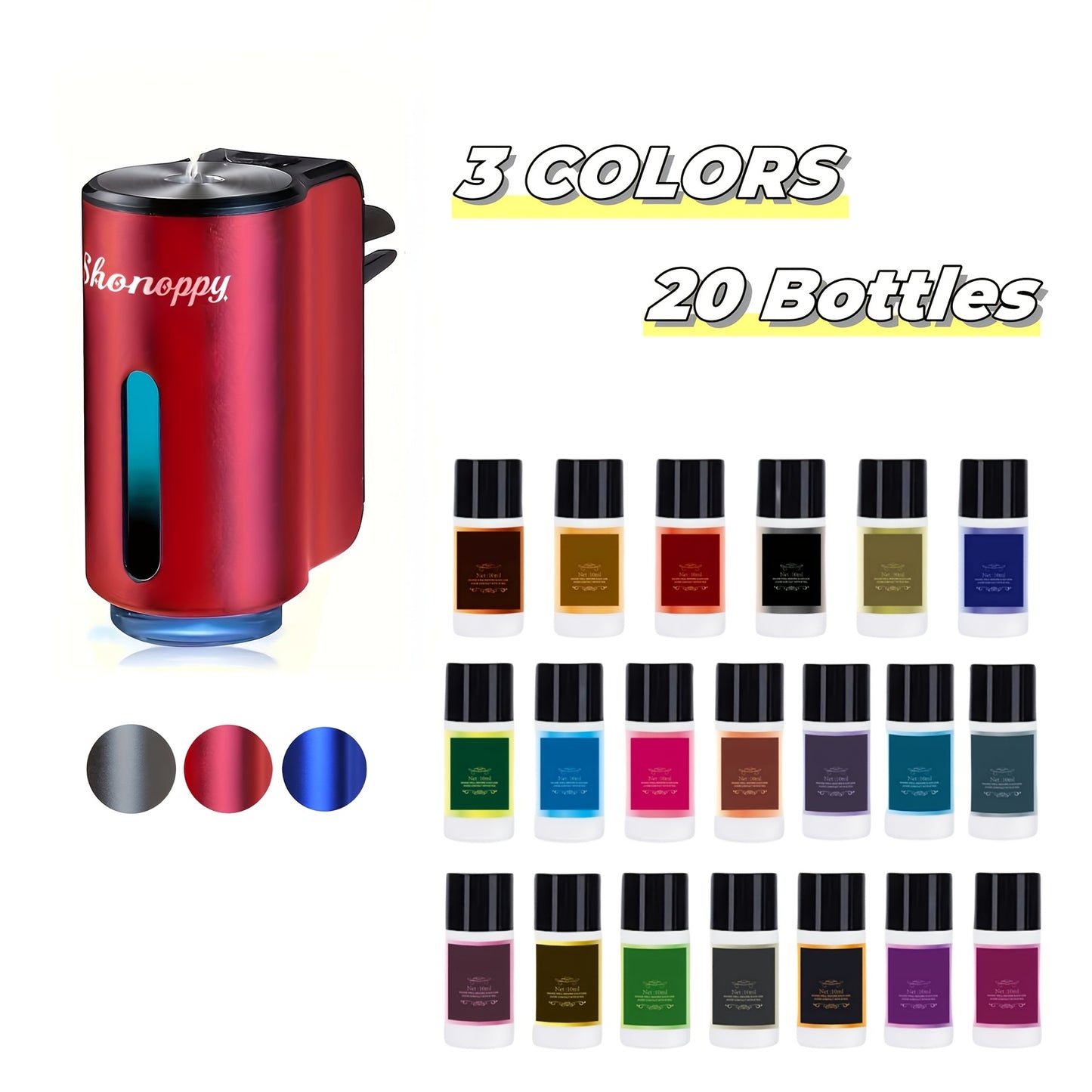 (Accessory 3/10/20 Bottles 0.34oz Essential Oils Sold Separately)Smart Car Air Freshener Aroma Diffuser with 3/6/10/20pcs Essential Oils, Premium Quality, Compact Design, for Car Experience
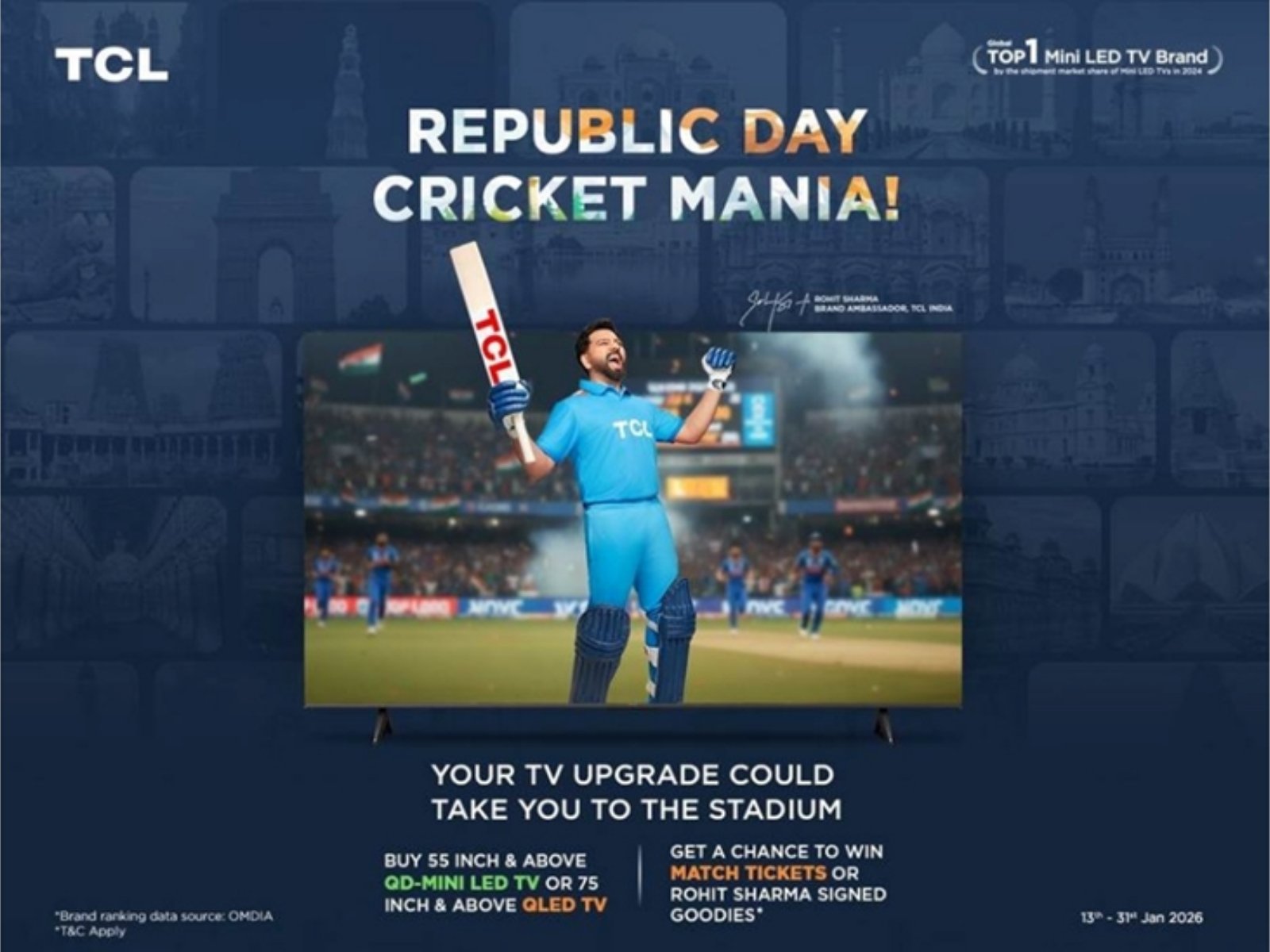 TCL India "Republic Day Cricket Mania" Campaign, Offering Fans a Chance to Win Live Match Tickets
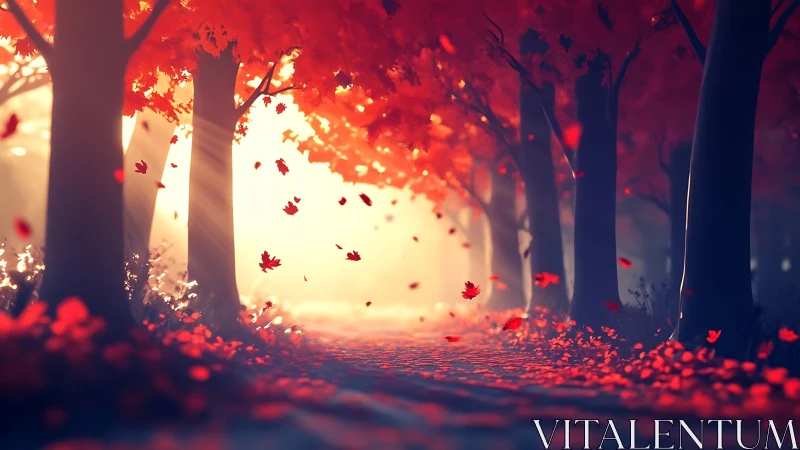 Golden path through a glowing forest of drifting autumn leaves.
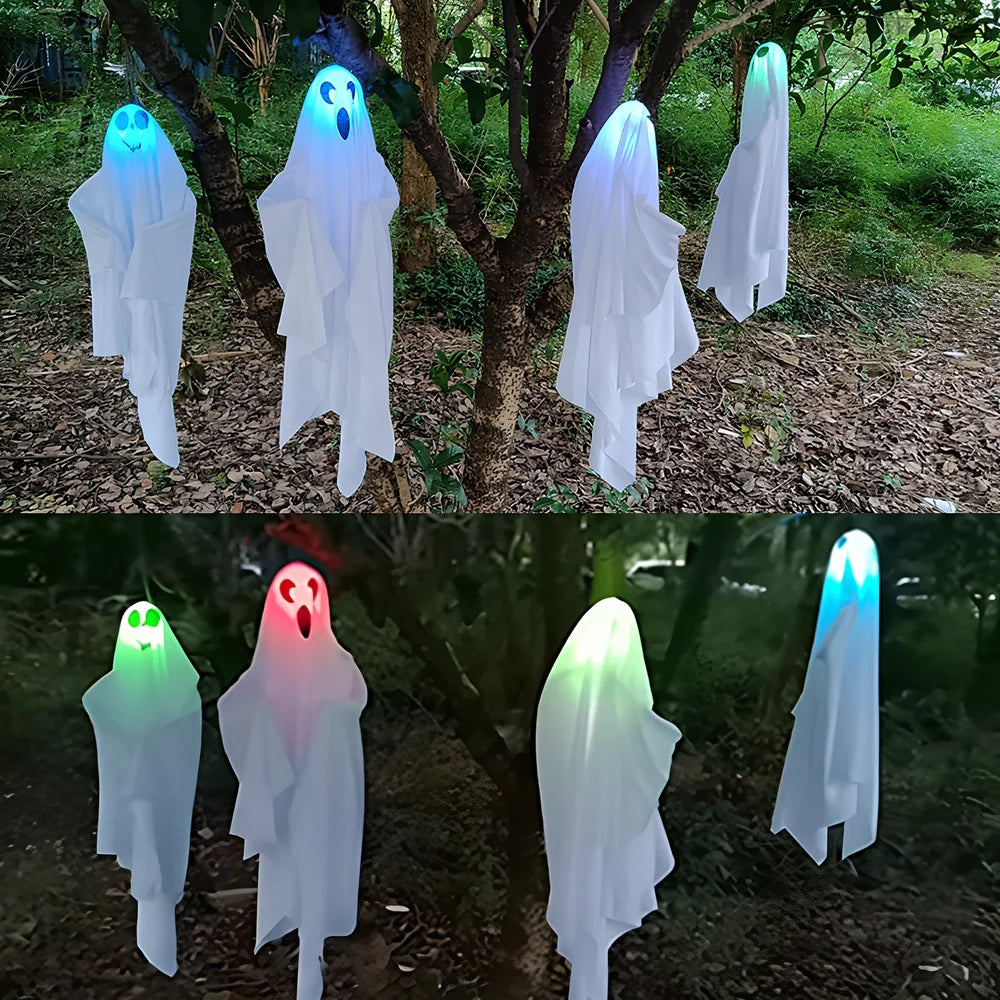 Halloween white ghost pendant with three-colour fade effect, 25x25x8cm dimensions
···
** Directions **
Set down the whole listing exactly as given, except for the pictures.

** Exercise result **
 (Accessory 3/10/20 Bottles 0.34oz Essential Oils Sold Separately)Smart Car Air Freshener Aroma Diffuser with 3/6/10/20pcs Essential Oils, Premium Quality, Compact Design, for Car Experience
 TCL India "Republic Day Cricket Mania" Campaign, Offering Fans a Chance to Win Live Match Tickets
 Golden path through a glowing forest of drifting autumn leaves.
 Halloween white ghost pendant with three-colour fade effect, 25x25x8cm dimensions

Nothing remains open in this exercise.